SEPTIÈME QUESTION. Quelles sont les conditions de l’exercice de la Mémoire et de l’Imagination ?
(XXV-XXVI) Étant la représentation d’une notion adventice et passagère, le souvenir implique variété, succession; par là, il est une opération moins parfaite que la pensée, acte simple et immanent, qui ne s’attache qu’à l’immuable et à l’éternel. D’un autre côté, le souvenir est supérieur à la sensation : car il n’a pas comme elle besoin des organes, parce qu’il se borne à reproduire la forme intelligible qu’elle a perçue.

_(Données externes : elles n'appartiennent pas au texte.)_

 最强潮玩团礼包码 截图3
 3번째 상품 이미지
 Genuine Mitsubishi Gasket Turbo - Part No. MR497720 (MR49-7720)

(XXVII-XXXII) Il y a deux espèces de mémoire, la mémoire sensible et la mémoire intellectuelle : la première appartient à l’âme irraisonnable ; la seconde, à l’âme raisonnable. L’une et l’autre ont pour principe l’imagination : d’un côté, quand la sensation a été perçue, l’imagination en garde la représentation, dont la conservation constitue le souvenir ; d’un autre côté, la conception rationnelle accompagne toujours la pensée, et elle la transmet à l’imagination qui la réfléchit comme un miroir. Par là, elle fait arriver dans notre conscience et rester dans notre mémoire les actes de la partie supérieure de notre âme. Il y a ainsi deux espèces d’imagination, qui correspondent aux deux espèces de mémoire, l’imagination sensible et l’imagination intellectuelle : la première est subordonnée à la seconde : car, dans l’âme irraisonnable, le souvenir est une passion; dans l’âme raisonnable, un acte. Plus on s’applique à la pensée des choses intelligibles, moins on doit se rappeler les choses inférieures.